Thursday, March 23, 2006

ah.

so it is thursday. almost noon here. what does that mean?

1. its hot and only getting hotter, the heat peaks around 230 when my first class starts.

2. sweat. everywhere all over me and its getting to be normal but nasty, and i can only shower in the morning cause my shower is outside. this means one shower a day before i feel horrendous.

3. lunchtime traffic, everyone goes home from work or school or where to eat at the house and then returns to where ever they were. sometimes other family members take food to the work or the school of other family members the streets of ocotal are busiest right now.

4. im not eating, ive got some nasty fucking diarrhea so im not putting anything else in here until i hit the doctor and get my poop examined, im almost going on the hour. its pretty fucking terrible.

what it does not mean is that tomorrow, i will be getting on a bus to go to EstelĂ­ and have breakfast at an amazing organic biodynamic restuarant just outside the city. it serves whole grain bread, fabulous cheeses, fruit drinks, coffee, hot chocolate and all sorts of goodies that i am not used to here. my life, my diet, some the main excitement in my day consists of rice and beans or gallo pinto(exact translation: painted rooster) but what it really is rice and beans with oil and salt tossed in a pan, oh its delicious but for three meals a day, i tend to get edgy with understanding and patience, meaning that id like some fucking chinese food or a sweet bowl of pesto right about now. however, im happy and accepting this along with everything else is just part of the ride.

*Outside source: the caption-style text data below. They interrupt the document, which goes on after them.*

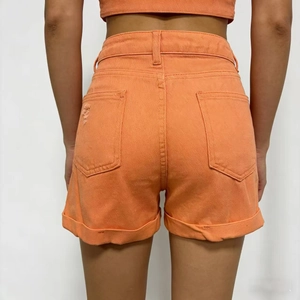 Vista posteriore degli shorts in denim arancione a vita alta con orli sfrangiati e dettagli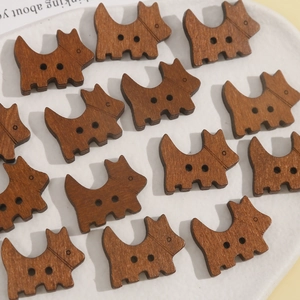 Macro view of brown wooden Scottish Terrier dog buttons with two sewing holes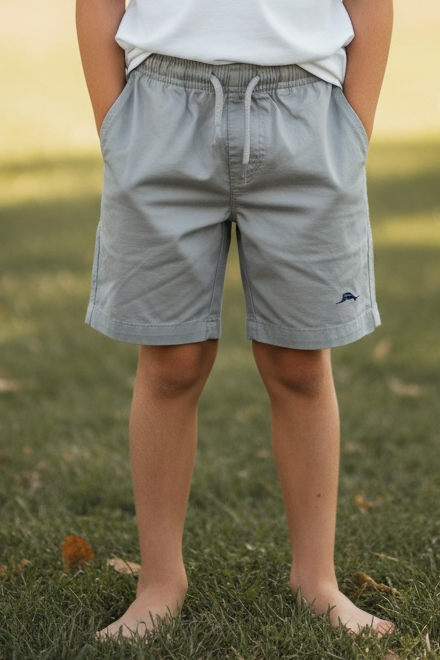 Young boy standing on grass wearing a light blue t-shirt and gray shorts.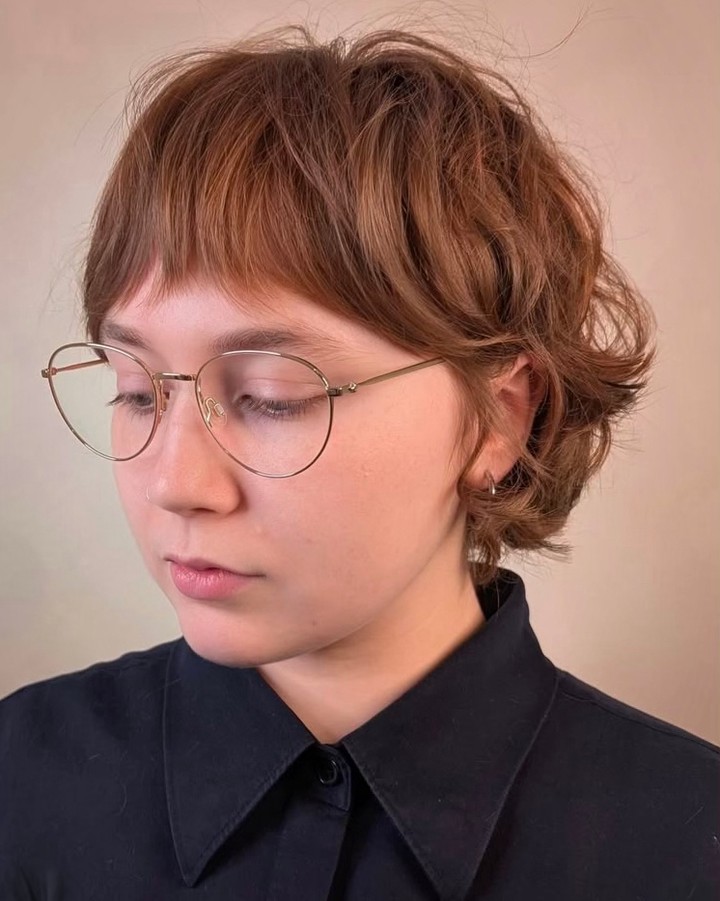 Playful Face-Framing Bangs On Wavy Pixie Shag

the ride has its ups and downs. class is a mix of both. 4 hours a day, more or less or drilling verbs, vocab, practicing conversation and just absorbing until the point of explosion. as it gets hotter, the dry season just started, so this heat is actually nothing it will only get much much much worse before the rains begin in late may, absorbtion of words and grammar becomes more difficult. it is as if our brains are like the earth lacking water and cracking with dehydration as we attempt to fill ourselves with the knowledge of a foriegn language that we can barely decipher.

ok i lie, we can decipher the language but it is only now, week 4 that i can really begin to hear and speak with less fear and hesitation and even there is the speed and accent with which people talk, pronunciation and stresses upon words and syllables that i am struggling with, though progress is being made. to that affect i am seeking long term employment here or internship, and yeah, by long term i mean a year or more. ive been looking for jobs teaching or working with non-profits in order to really sit down, cement and allow my spanish to grow its roots. to the point in which i am considering the peace corp. yeah i know, but still its an awesome experience.

my plotting, in addition to the peace corps, knows no limits one of the other gringas and i are talking about farming in france or working on yachts. im dreaming of china still and trying to find a way to stretch my green as far as it can go. tense, exciting, nerve racking - yes racking, like The Rack from the time of castles and kings, where the string the poor sucker up on the torture device and pull him slowly, ever so slowly, apart, limb by limb, by limb. thats how my nerves feel sometimes.

like at night, in my room, my cement room, with four exits, two doors and two windows when i think about the past and feel fear, and amazingly enough i dont think that i had ever really felt fear before. it makes you sweat. not because you are hot, but because your insides turn to ice, a chill works it way from your insides out and when you feel it grip all your skin you break out in that icy sweat of fear. this is unlike the sweat i am sweating right now. because i am hot now and fear is cold, cold like winter, the middle of winter, when its snowing all the time and you cant see behind you because the flakes are turning like mad in the air as the drifts pile up around your past and all you have built and when you look ahead all you see is one thing, the fear, the result of the storm and there is no option its not like a future without fear, you cant choose you just walk in a straight line without thinking about anything ever, going blindly where you know you will be going. fear is totalizing, it is legion and it sits quietly growing and waiting to take control.

control. i have a little of it these days. gave up coffee and have really really really cut down my drinking out of a desire to stop both. i really want to give up drinking but wine. the beauty of wine pulls at me so bad. im trying. and im happy about the trying. maybe the control is an attempt to beat the fear. maybe im making a mountain out of a molehill.